::: Data for this task :::

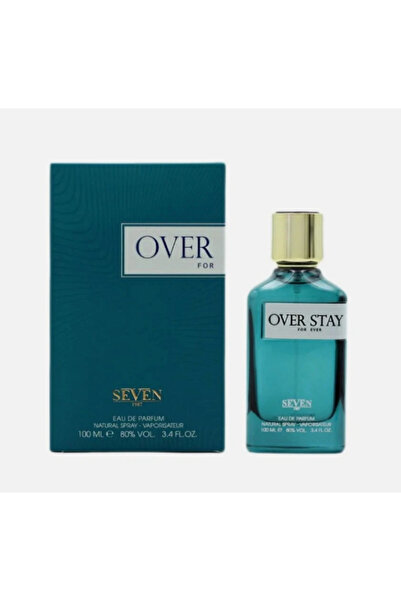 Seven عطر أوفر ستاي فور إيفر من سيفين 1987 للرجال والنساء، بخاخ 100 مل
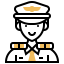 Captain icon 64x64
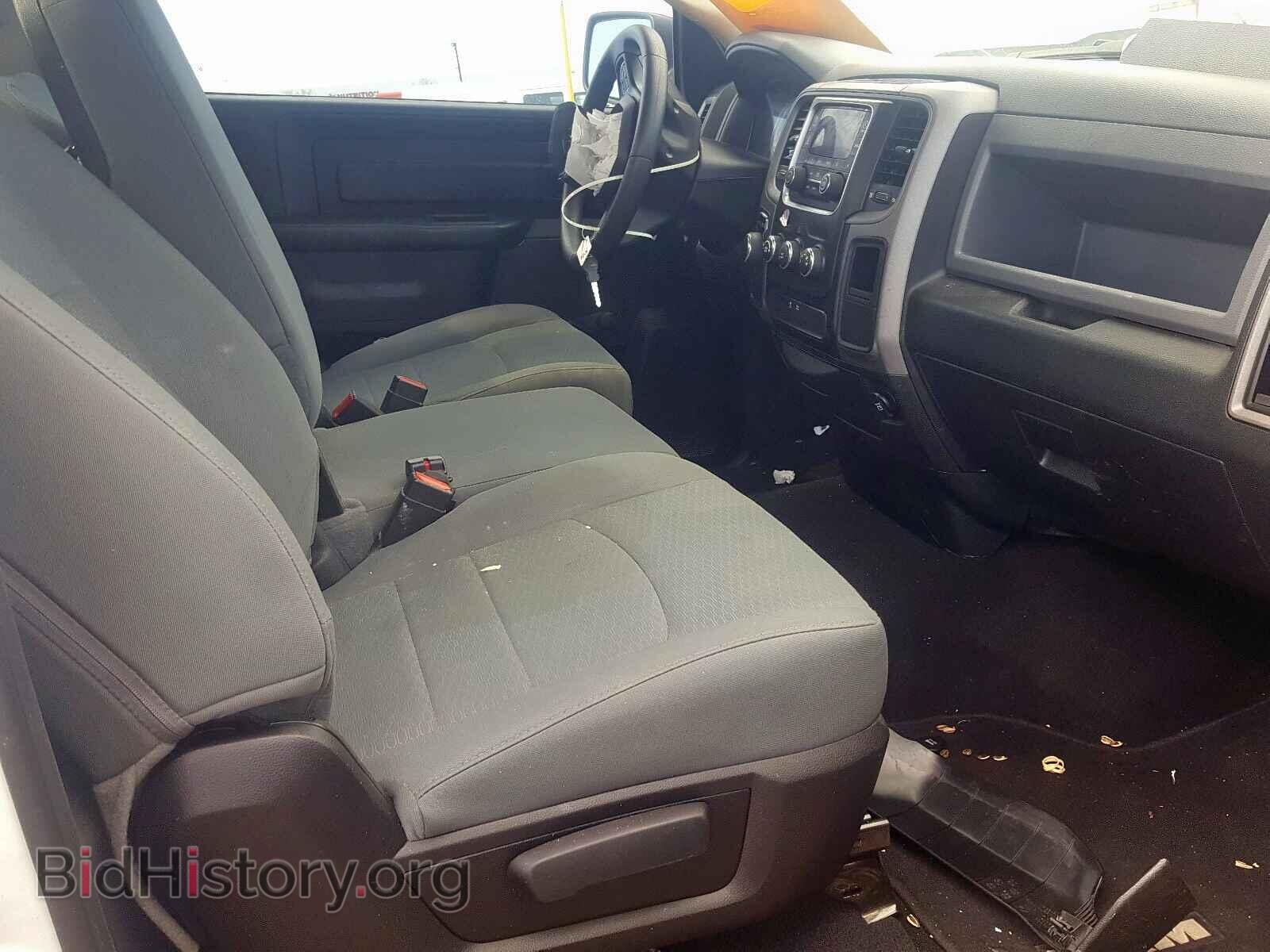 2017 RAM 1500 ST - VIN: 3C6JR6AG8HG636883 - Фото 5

:::
::: Data for this task :::

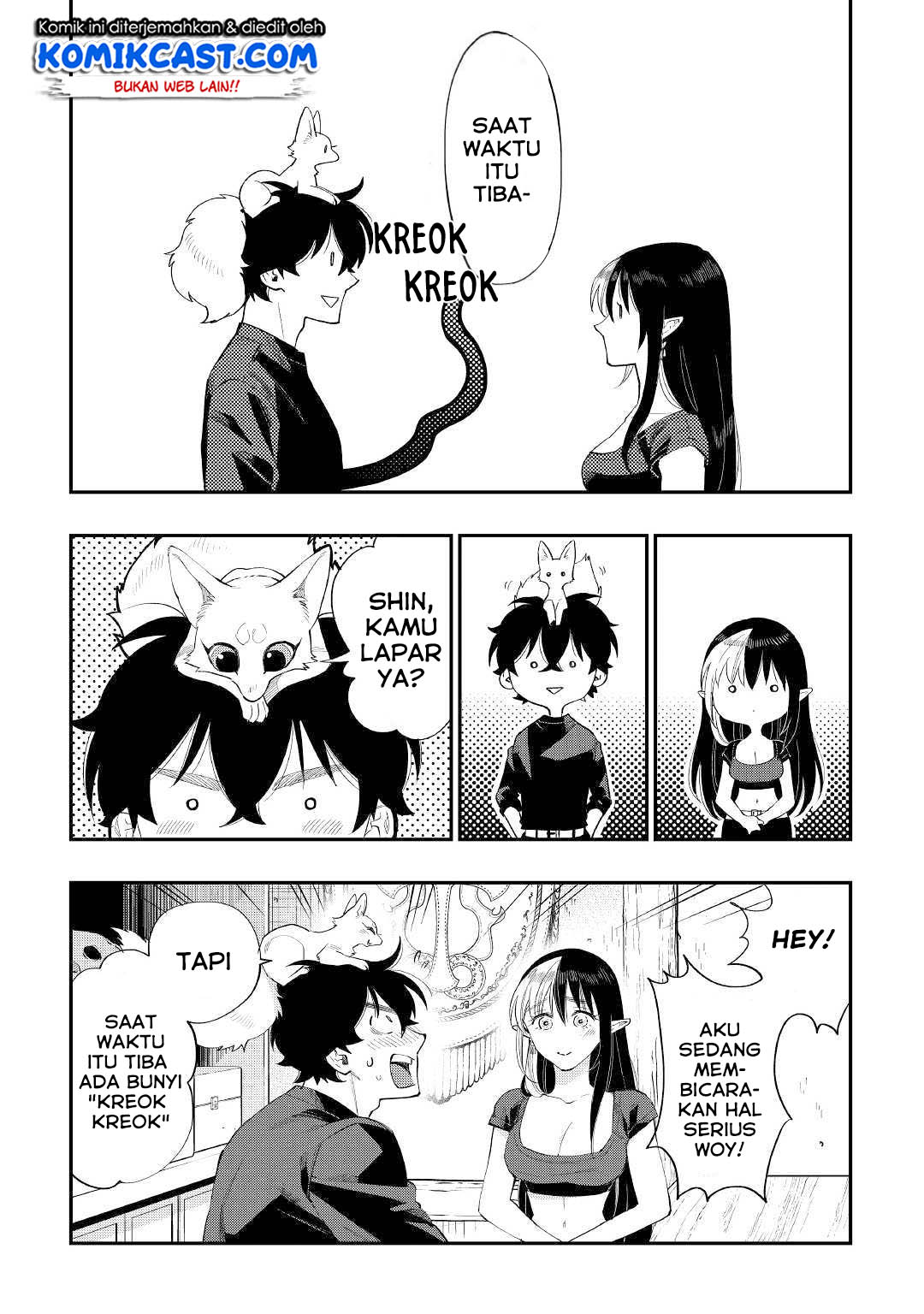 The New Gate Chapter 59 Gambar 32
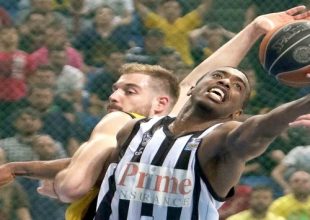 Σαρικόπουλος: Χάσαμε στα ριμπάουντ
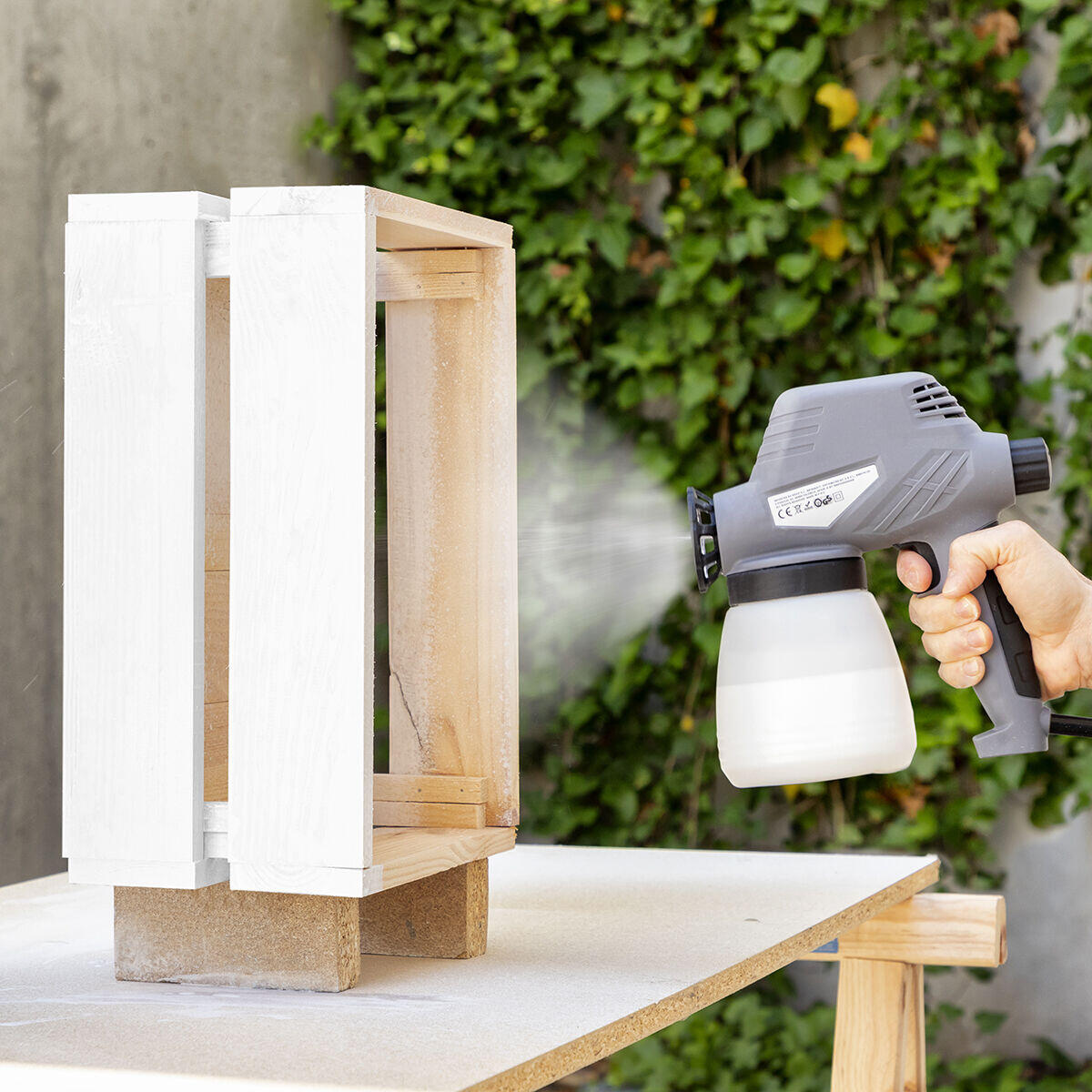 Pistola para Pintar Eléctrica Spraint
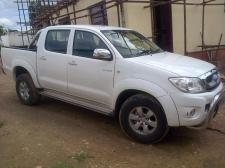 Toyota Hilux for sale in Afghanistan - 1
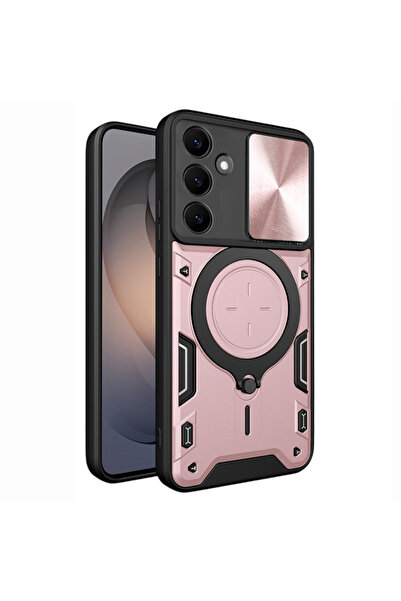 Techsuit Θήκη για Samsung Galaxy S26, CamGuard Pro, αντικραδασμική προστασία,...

:::

**Assignment**. Look above for the line containing "Seven عطر أوفر", then write out every line from there down to the line containing "2017 RAM 1500", that line included, with no pictures.

**Task response**.
 Seven عطر أوفر ستاي فور إيفر من سيفين 1987 للرجال والنساء، بخاخ 100 مل
 Captain icon 64x64
 2017 RAM 1500 ST - VIN: 3C6JR6AG8HG636883 - Фото 5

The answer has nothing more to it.